Somewhere Else

I've spent the last several weeks - a couple of months, really - wanting to be somewhere else. And now I'm seeing a trend.

We took baby to the pool this morning. This is a really fancy indoor pool with a lazy river/current path, whirlpool, hot tub, lap lanes, deep end with water slide, and shallow end with brightly colored "water works" area - short slides, fountains with showers large and small. Baby was mesmerized by the water sprouting out of tall blue pipes and the constant action of falling water in that area. But when we took him over there, he was less enchanted. In the end, he liked "swimming" in the deeper water rather than playing in the shallow area.

I'm reading Pilgrim's Progress - re-reading is the appropriate word, although I don't remember that much of it, having read it more than 40 years ago. I remember certain things - like the Slough of Despond - but mostly I feel as if I am reading it for the first time. Christian, and all those whom he encounters who can be counted among the good guys - Evangelist, for example - continue to focus upon the place where they are not now. First get through the gate. And then when you get there, focus on the next part of the journey, focus on being somewhere else and just endure where you are now as best you can. Where Christian is now, at every turn, seems to be fraught with temptation to go down a side path and thus away from salvation. Now the burden is heavy, but then it will be taken away. Now the path is difficult but then it will be easy. Now is not where you want to be because paradise is somewhere else.

I know that for many people, "heaven" is a goal that may be the only thing keeping one going in this earthly life. There is a "better place" where our loved ones now reside, where we will rejoin them, where the things that are beautiful and true exist.

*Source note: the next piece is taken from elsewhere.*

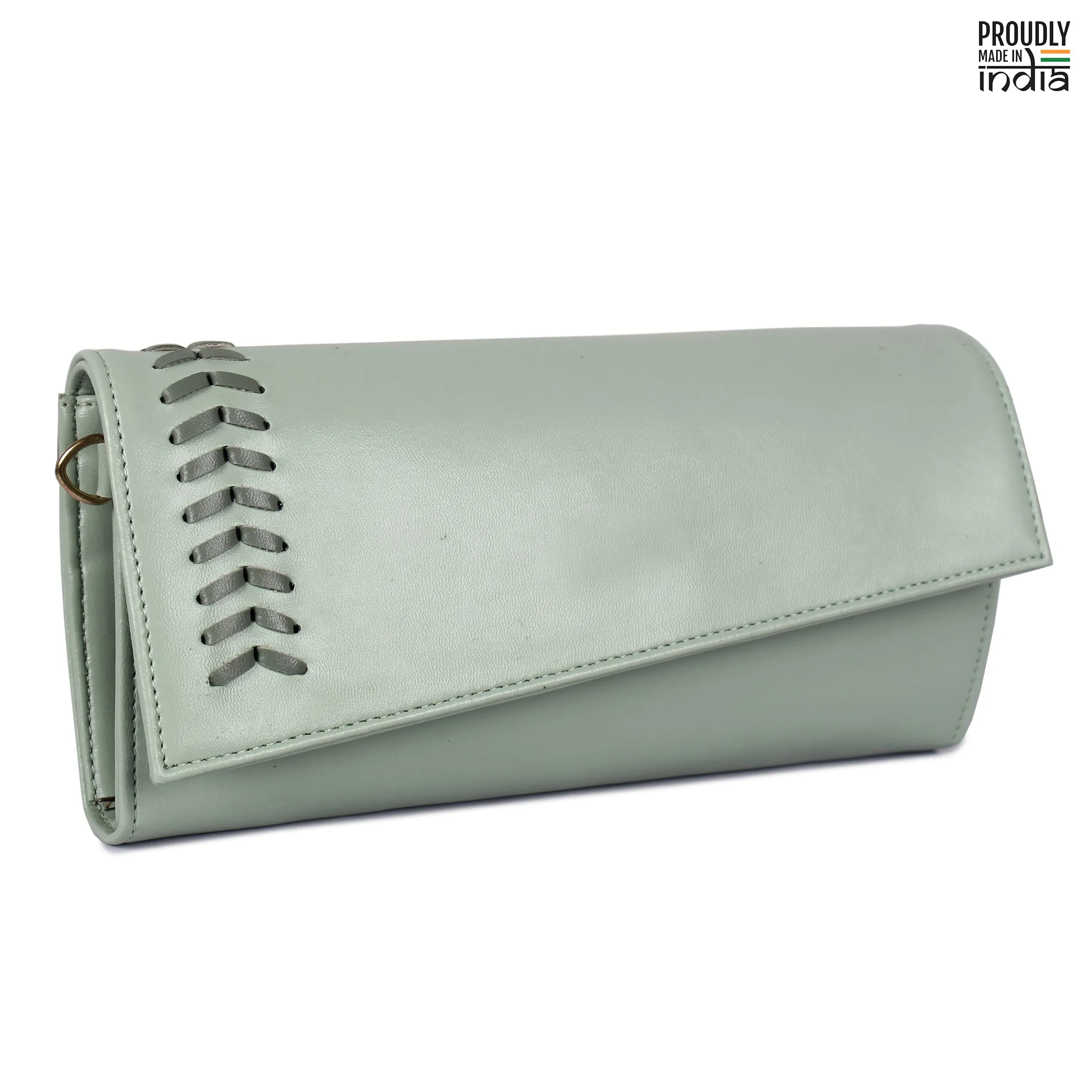 THE CLOWNFISH Myra Collection Womens Wallet Clutch Ladies Purse Sling Bag with Card slots (Pistachio Green)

But at the same time, such an orientation denies the goodness of this life, of where we are now. The focus on being somewhere else keeps one from seeing the beautiful and the true where we are now. For Christian, enjoying the beautiful in this place was just too tempting - such enjoyment might lead one (such as the character Pliable) to just go home and enjoy oneself now and let the possibility of heaven pass away. Too much enjoyment of this earthly life might cause one not to be willing to work for the Kingdom.

I don't really hold with that, although I see how it can be comforting and can be a good thing. It is not an either/or, though; it's much more complicated than that. I think God is with us here and now - that creation is good and life is beautiful. And yet to live with God eternally must be something like ecstasy. And so we must live in the tension of now and later, of here and somewhere else.